Your streams of income are being stamped on and cut up. For instance, on this [latest North America] tour, I was surprised that we played a couple venues where they take a cut of your merch. You can sell your T-shirts and records, but the venue’s gonna take 20 percent of it, and they’re not even gonna sell it. You’re gonna sell it, and they’re just gonna take the money off the top. It was interesting going to lots of venues, because some of them got money during COVID and actually improved and survived, but a lot of them got bought up by these corporations. A lot of independent venues closed. So I don’t have a rosy outlook for music, for bands, and for younger bands starting out.

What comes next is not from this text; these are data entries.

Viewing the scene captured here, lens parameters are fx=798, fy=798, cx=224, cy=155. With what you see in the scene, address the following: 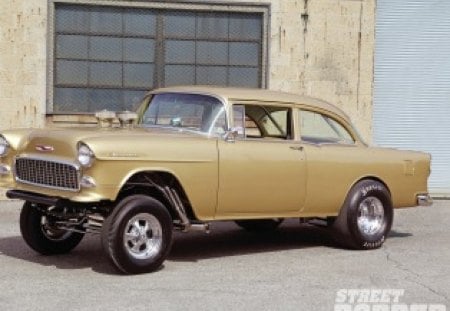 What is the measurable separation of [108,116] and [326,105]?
8.41ft

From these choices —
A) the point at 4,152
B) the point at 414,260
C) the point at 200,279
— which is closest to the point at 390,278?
the point at 414,260

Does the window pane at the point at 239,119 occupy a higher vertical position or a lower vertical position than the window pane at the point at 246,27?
lower

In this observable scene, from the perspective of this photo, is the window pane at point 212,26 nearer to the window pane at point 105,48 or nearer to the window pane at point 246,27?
the window pane at point 246,27

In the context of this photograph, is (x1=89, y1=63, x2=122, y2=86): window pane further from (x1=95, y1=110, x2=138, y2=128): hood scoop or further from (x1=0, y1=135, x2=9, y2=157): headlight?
(x1=0, y1=135, x2=9, y2=157): headlight

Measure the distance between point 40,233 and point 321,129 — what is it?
3.28m

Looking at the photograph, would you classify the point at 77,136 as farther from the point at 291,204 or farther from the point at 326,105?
the point at 326,105

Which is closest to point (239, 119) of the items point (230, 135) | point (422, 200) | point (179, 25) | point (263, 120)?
point (230, 135)

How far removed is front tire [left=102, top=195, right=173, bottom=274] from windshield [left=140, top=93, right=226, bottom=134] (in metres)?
1.06

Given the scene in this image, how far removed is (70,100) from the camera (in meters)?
12.6

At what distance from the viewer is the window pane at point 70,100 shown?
12.5 metres

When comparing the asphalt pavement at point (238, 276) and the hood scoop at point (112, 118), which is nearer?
the asphalt pavement at point (238, 276)

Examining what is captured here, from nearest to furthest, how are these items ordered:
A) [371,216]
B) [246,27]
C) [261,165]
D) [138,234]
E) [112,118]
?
[138,234], [261,165], [112,118], [371,216], [246,27]

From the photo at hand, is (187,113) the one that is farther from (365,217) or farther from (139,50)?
(139,50)

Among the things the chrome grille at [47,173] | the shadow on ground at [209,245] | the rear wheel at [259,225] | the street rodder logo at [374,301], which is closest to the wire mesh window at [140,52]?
the shadow on ground at [209,245] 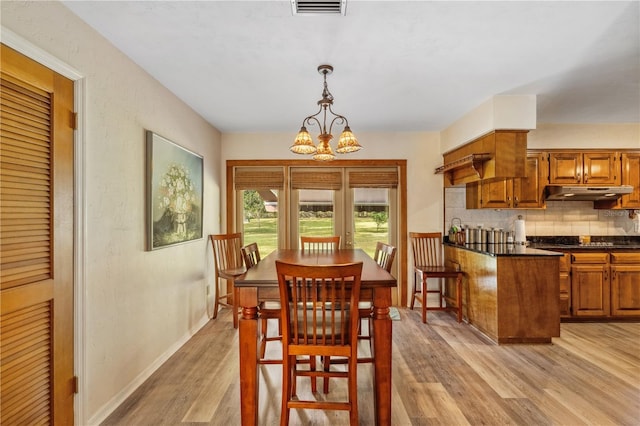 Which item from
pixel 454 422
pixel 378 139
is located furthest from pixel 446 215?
pixel 454 422

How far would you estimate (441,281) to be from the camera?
434cm

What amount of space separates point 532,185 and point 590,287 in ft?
4.42

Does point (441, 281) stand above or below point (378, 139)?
below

You go online, and the places where you used to find out about music are being bought out. I saw that the company that owns the A.V. Club, which used to be the place for movie reviews and record reviews — and they’d write about new bands — has started using AI to make lists like “Here’s All the Marvel Movies.” [Laughs.] Every aspect of the music industry — and the arts in general — has been gutted and sold off for parts.
Music will still exist, and it will be more regional, I hope, and smaller. But it’s hard to combat [the view] that “You’re in a band — you must be living the rockstar life.” That’s not the truth. You’re counting pennies.

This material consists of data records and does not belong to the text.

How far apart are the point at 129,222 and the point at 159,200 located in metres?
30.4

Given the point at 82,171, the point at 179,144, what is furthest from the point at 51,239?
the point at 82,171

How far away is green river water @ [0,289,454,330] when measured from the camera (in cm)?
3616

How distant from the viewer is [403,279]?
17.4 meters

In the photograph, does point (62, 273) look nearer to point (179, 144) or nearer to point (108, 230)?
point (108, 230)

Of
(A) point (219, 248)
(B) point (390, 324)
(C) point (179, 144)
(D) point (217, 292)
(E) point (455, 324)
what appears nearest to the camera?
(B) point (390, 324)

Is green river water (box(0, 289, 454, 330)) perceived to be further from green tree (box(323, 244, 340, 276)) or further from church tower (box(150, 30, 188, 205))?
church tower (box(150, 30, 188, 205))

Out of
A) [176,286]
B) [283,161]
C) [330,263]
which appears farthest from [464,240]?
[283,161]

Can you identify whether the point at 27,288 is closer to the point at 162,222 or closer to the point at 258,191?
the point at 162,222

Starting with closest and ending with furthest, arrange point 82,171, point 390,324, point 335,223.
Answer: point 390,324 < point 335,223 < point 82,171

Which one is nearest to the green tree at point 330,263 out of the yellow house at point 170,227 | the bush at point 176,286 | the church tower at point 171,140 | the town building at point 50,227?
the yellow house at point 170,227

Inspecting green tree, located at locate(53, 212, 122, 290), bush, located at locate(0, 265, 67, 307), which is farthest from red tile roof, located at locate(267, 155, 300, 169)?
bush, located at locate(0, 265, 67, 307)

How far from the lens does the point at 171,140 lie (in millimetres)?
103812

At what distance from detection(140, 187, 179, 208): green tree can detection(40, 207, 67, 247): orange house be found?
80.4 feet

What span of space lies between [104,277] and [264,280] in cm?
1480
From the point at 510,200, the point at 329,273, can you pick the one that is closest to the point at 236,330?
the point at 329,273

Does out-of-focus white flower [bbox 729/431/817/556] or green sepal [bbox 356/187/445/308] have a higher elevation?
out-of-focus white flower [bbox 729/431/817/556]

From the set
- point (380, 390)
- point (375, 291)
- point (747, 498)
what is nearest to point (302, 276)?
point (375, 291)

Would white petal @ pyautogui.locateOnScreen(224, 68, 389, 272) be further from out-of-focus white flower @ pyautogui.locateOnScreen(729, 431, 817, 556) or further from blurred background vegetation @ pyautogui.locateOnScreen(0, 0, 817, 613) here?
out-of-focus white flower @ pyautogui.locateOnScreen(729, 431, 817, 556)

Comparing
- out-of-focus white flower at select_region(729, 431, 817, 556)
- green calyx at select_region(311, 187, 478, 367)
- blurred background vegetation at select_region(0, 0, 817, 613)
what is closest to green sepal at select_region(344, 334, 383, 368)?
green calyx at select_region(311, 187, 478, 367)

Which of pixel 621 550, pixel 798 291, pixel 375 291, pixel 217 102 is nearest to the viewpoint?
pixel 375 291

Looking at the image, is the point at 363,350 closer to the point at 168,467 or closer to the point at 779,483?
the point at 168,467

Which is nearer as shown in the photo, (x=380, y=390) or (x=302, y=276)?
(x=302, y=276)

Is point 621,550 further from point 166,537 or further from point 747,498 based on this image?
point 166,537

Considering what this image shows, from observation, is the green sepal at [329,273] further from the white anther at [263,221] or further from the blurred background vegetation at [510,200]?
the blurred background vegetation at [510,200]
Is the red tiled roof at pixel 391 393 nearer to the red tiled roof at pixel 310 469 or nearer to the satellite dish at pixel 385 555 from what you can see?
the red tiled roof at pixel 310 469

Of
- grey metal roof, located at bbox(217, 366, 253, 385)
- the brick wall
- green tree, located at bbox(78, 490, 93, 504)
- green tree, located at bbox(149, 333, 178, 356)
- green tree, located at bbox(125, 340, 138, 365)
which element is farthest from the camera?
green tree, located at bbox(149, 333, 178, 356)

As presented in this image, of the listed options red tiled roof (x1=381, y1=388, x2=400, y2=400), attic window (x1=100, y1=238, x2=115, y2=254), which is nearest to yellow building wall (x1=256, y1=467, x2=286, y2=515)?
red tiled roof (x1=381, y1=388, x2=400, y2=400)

A major theme of this new album is “tomorrow” — moving through one phase of life and into a new one, which could be better or could be worse. This interests me given the almost dystopian view of the future in your previous album, Ultimate Success Today, including on songs like “Processed by the Boys” and “Modern Business Hymns.” Have your views on the future changed since then?
No, they haven’t. But I think personally, as I’ve lived my life in the last ten years — and maybe my whole life — I’m a person that refuses change. I will stick my head in the sand and not realize time moves on without you — you know, “Maybe if I stay here, time will pass me by, or I will not have to suffer the indignity of living. If I just stay here and close my eyes, I’ll be fine.” Which I think is a very common response to anything.
What happened in the last couple years is, I realized that tomorrow is gonna come whether you want it to or not, and although I’m a pessimist in a lot of ways, I have to embrace it. There’s nothing worse than a person that’s constantly complaining. I love complaining, but if you’re not there to help, then get out of the way. That’s the way I see it. You can still think that nothing’s gonna work and life is meaningless and all this kind of stuff, but you have to get up in the morning and you have to put your socks on. You have to try to fight the “good fight” if you can, because what else are you gonna do? I tried hiding for years, and it didn’t work.